Der Aerodynamiker hat mit seinen Kollegen vor einigen Wochen Auftrieb, Luftwiderstand sowie Flugstabilität und Steuerbarkeit des Nurflügler-Prototypen in einem Windkanal untersucht. Dabei wird das Modell in einen von einem Gebläse erzeugten Luftzug gebracht. Indem man die Geschwindigkeit der anströmenden Luft variiert, können alle Phasen des Flugs vom Start bis zur Landung simuliert werden. Luftwirbel und störende Strömungen am Flugzeugrumpf werden mit Rauch oder mit fluoreszierendem Öl unter UV-Licht sichtbar gemacht. Drescher ist mit dem Testresultat zufrieden: "Unser Modell fliegt stabiler als gedacht", sagt er. Doch die Ergebnisse könne man nicht eins zu eins auf ein Flugzeug in voller Größe übertragen. Es werden noch viele Tests nötig sein.

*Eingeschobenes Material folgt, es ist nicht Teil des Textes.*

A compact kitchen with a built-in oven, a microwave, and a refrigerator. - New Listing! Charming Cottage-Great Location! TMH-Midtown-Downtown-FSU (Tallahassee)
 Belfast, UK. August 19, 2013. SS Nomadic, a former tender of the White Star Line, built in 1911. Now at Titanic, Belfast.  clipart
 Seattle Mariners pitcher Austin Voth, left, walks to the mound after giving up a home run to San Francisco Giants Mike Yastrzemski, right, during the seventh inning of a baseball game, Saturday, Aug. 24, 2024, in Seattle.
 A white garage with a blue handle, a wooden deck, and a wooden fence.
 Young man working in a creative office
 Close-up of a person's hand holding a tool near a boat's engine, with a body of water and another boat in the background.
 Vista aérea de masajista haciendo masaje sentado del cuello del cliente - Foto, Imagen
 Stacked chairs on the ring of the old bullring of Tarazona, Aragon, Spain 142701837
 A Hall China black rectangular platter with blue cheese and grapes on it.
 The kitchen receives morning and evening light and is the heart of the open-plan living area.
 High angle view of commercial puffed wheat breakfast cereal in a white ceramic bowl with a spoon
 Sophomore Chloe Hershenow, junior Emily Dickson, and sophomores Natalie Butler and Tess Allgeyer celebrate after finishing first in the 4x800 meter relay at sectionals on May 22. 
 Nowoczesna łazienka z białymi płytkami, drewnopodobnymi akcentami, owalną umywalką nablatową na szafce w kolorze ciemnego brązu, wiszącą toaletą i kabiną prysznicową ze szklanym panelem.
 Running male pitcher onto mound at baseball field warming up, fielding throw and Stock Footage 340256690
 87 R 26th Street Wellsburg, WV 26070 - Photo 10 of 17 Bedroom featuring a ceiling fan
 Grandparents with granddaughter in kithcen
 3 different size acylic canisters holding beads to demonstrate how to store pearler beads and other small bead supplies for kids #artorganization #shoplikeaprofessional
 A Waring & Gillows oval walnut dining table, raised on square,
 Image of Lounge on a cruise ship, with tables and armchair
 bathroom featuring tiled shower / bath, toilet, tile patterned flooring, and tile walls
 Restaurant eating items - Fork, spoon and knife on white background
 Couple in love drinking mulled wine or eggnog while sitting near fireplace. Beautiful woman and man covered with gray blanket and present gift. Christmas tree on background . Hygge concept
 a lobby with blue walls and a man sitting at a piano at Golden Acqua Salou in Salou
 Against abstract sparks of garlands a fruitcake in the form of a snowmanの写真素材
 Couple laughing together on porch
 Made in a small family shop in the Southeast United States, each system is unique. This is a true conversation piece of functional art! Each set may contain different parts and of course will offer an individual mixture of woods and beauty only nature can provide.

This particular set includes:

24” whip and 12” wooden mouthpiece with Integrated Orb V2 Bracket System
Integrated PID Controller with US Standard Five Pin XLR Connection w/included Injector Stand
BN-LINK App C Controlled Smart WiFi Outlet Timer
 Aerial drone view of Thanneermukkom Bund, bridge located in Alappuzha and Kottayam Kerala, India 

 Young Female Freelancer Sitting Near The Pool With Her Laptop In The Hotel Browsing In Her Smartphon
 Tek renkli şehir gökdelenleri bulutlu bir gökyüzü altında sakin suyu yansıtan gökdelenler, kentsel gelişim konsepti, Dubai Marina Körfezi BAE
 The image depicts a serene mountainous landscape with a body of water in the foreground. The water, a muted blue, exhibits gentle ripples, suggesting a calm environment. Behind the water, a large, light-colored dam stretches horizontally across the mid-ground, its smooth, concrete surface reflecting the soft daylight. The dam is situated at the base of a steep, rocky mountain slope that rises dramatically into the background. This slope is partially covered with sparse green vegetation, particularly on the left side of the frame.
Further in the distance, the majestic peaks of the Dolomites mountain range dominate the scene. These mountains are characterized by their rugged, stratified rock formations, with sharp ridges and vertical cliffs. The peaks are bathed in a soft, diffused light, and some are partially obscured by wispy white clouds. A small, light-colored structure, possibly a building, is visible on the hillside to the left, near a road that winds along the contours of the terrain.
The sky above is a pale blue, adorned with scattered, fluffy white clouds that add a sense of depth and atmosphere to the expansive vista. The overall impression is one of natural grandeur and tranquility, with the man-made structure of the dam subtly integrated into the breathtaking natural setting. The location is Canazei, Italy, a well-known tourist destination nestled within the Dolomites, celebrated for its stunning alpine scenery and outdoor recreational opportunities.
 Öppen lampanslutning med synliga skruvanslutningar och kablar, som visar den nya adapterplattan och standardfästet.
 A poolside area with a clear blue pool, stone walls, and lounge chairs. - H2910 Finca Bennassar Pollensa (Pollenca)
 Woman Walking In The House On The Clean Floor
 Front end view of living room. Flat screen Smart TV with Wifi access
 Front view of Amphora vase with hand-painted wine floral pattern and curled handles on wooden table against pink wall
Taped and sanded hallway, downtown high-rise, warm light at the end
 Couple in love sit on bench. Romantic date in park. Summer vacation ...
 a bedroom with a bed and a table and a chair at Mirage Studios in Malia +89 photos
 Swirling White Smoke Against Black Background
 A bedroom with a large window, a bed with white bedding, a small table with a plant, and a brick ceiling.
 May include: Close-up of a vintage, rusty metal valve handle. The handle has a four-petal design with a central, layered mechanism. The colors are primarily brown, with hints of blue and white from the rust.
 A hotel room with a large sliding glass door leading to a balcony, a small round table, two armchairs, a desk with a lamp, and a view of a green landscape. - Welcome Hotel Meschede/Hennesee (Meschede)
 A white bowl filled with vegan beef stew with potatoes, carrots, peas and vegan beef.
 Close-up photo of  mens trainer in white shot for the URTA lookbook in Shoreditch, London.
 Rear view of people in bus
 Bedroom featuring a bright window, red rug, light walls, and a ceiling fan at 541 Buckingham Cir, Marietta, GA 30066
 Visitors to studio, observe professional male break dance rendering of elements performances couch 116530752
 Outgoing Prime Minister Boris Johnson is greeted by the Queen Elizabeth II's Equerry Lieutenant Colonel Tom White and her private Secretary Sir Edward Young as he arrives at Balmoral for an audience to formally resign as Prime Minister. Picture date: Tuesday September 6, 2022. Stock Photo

Drescher sieht den Nurflügler der Zukunft vor allem als Großraumtransporter. Doch sein Chef Granzeier schwärmt von einem Passagierflugzeug der Superlative. Er hat sich auch schon über die Innenausstattung des Airliners Gedanken gemacht. "Das wird ein vollkommen anderes Reisen sein", verspricht er. Auf zwei Decks verteilt finden sich in den Entwürfen statt der bisher üblichen engen Sitzreihen großzügig geschnittene Restaurants und Kinos, sogar Fitnessräume und Duschen. Breite Gänge führen in die unterschiedlichen Klassen. "Das Interieur wird eher an ein Kreuzfahrtschiff erinnern", sagt Granzeier.



Damit diese Vision verwirklicht werden kann, muss vor allem eine Sicherheitsfrage beantwortet werden: Wie schafft man es, 900 Passagiere innerhalb von 90 Sekunden aus der riesigen Maschine zu bringen - selbst wenn die Hälfte der dafür vorgesehenen Türen blockiert sein sollte? Dieses Zeitlimit schreibt die internationale Flugaufsicht, die Federal Aviation Administration (FAA), für jedes Flugzeug vor. Granzeiers Mitarbeiter haben das Problem zumindest theoretisch schon gelöst: In einer Computersimulation kamen alle virtuellen Passagiere rechtzeitig von Bord.